Por: Antonio Mata.
Vistos do alto, não apreciam tão perigosos assim. Ainda que em algumas ocasiões aparecessem brigando por algum motivo. Algo aliás, que estava se tornando corriqueiro.
Talvez por conta das afinidades com hábitos, costumes que nem todo mundo aceitava. Do alto, se mostravam aborrecidos por questões que, se tivessem prestado mais atenção; teriam descoberto que nem eram tão preocupantes.
De lá das alturas, conversavam.
— Ainda bem que a gente tá aqui em cima. Menos mal, mais longe e mais seguro.
Na realidade, ocultos na folhagem e nos galhos superiores das árvores. Eram quase invisíveis. Nem que fossem duas dúzias de curicas. Tratavam de sumir lá por cima mesmo, só por garantia. Desafiavam o observador mais arguto. É bem verdade que ficar debaixo da árvore olhando pra cima, não era lá grande ideia.
— Fique quieto e não se meta na vida dos outros. Este é o segredo para quem vive com estranhos. Faça de conta que não existem.
— Não estou me metendo coisa nenhuma. Só constatando que aqui é muito melhor. — Então, aproveitou para contar o resultado de uma de suas observações.
— Não tem muito tempo, um deles em cima de um troço barulhento se arrebentou contra um poste. Eu que não quero saber de viver assim.
— É verdade, outra hora alguém passou correndo e tomou algumas coisas que uma mulher estava levando. Inclusive uma coisa preta que ela trazia nas mãos. Só pode ser algo que gostam muito. Como ele não devia ter um, resolveu pegar o dela.
— Pois acho que deveríamos ficar em silêncio. Principalmente depois que saem de suas casas para as ruas. Não dependemos deles mesmo. Pois que briguem sozinhos.
— Isso sim é uma grande verdade, mesmo quando não saem de casa. Sei lá, tem dia que a rua fica deserta. Mesmo assim, pelas árvores e ruas fica tudo cheio de mosquitos, mariposas e grilos. É só do que a gente precisa.

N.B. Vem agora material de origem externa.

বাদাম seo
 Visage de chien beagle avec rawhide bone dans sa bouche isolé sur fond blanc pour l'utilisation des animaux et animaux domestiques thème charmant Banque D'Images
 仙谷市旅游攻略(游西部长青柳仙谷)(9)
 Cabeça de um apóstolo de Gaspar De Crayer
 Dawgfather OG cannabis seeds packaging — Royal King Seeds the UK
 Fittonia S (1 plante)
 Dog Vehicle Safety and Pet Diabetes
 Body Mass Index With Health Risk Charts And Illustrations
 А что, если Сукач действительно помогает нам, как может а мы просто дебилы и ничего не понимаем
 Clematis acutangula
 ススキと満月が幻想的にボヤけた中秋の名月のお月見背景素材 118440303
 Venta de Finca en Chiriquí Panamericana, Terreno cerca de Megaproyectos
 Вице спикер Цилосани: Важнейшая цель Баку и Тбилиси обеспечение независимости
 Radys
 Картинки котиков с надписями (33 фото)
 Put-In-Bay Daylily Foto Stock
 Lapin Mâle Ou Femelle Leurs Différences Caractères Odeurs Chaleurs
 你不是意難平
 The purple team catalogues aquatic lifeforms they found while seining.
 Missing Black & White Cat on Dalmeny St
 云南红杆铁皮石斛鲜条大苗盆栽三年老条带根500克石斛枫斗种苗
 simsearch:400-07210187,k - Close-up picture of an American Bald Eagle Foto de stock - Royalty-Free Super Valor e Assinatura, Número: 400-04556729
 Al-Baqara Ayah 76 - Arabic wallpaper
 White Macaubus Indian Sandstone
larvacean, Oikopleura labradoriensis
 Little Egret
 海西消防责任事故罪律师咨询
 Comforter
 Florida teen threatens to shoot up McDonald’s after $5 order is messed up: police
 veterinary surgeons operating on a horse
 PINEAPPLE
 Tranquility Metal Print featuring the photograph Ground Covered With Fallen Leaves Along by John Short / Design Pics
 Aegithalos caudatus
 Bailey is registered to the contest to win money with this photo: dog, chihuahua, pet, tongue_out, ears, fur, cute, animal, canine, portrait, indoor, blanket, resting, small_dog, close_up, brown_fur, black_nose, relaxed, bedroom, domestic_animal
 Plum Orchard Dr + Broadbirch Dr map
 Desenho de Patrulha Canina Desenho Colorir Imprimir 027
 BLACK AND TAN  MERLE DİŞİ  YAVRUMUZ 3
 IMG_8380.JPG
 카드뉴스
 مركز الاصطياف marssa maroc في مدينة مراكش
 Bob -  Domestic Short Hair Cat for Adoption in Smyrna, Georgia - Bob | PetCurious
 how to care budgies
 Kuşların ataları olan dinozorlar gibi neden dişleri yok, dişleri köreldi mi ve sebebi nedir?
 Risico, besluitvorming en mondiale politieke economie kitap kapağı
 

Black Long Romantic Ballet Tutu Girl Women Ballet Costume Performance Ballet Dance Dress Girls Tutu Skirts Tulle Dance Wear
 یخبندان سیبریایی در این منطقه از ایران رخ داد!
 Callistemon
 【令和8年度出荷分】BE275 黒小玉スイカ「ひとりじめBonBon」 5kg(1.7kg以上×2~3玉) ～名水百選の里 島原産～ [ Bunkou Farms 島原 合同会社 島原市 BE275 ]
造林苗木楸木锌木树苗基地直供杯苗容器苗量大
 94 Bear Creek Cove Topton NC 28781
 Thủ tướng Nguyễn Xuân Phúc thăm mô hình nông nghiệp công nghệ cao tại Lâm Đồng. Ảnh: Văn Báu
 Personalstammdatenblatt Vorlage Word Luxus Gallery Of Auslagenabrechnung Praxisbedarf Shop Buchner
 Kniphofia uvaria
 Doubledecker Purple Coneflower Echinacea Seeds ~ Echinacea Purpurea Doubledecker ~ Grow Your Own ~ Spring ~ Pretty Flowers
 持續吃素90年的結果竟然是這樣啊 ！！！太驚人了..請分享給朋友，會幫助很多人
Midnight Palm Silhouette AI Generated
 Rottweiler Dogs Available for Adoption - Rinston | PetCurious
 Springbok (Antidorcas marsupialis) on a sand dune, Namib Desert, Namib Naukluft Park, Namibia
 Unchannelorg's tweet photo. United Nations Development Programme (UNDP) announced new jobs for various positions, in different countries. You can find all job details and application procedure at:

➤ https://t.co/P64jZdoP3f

— Tem razão, assim cada um vive do seu jeito. Sem perturbação.
— Só acho complicado a algazarra que fazem pela manhã. Chama demais a atenção das pessoas.
— Ora, se tivessem que implicar, já teriam feito isso.
Outro entra na conversa.
— Não há do que reclamar. Eles que cuidem de suas vidas e nós cuidamos das nossas. Vamos continuar aqui só assistindo.
O tempo estava bom. Com o dia muito nublado, cheio daquelas nuvenzinhas que parecem couve-flor. O vento fazia tremular cortinas, bandeiras e roupas no varal. Tempo tranquilo de uma manhã mais tranquila ainda.
De repente, um barulho abafado, como se batessem em alguma coisa oca. Quando prestaram atenção, uma das curicas despencava rumo ao chão. Sem que entendessem o motivo.
O peito fundo e deformado, denunciava a possível causa. Em seguida, antes que se dessem conta das coisas, outro som oco. Mais uma curica despencava. No chão, dava para ver a cabeça amassada e o bico ensanguentado enfiado para dentro.
Aquela gente estranha havia se tornado destruidora e de um modo inexplicável. Como uma espécie de doença que se propaga, subiu pelas árvores e os alcançou. Mesmo que já houvessem silenciado e estando invisíveis, como costumavam fazer.
Mesmo sem ter nada a ver com o que se passava lá embaixo. As demais curicas fugiram dali assustadas, em grande revoada.
Dois garotos com estilingues, olhavam no chão, o resultado da ótima pontaria. Saíram dali e se foram, em busca talvez, de outros invisíveis.
Os corpinhos verdes foram abandonados no chão. Frutos da irracionalidade, da morbidez e do desprezo. Estes sim, se propagavam e contaminavam até os mais jovens.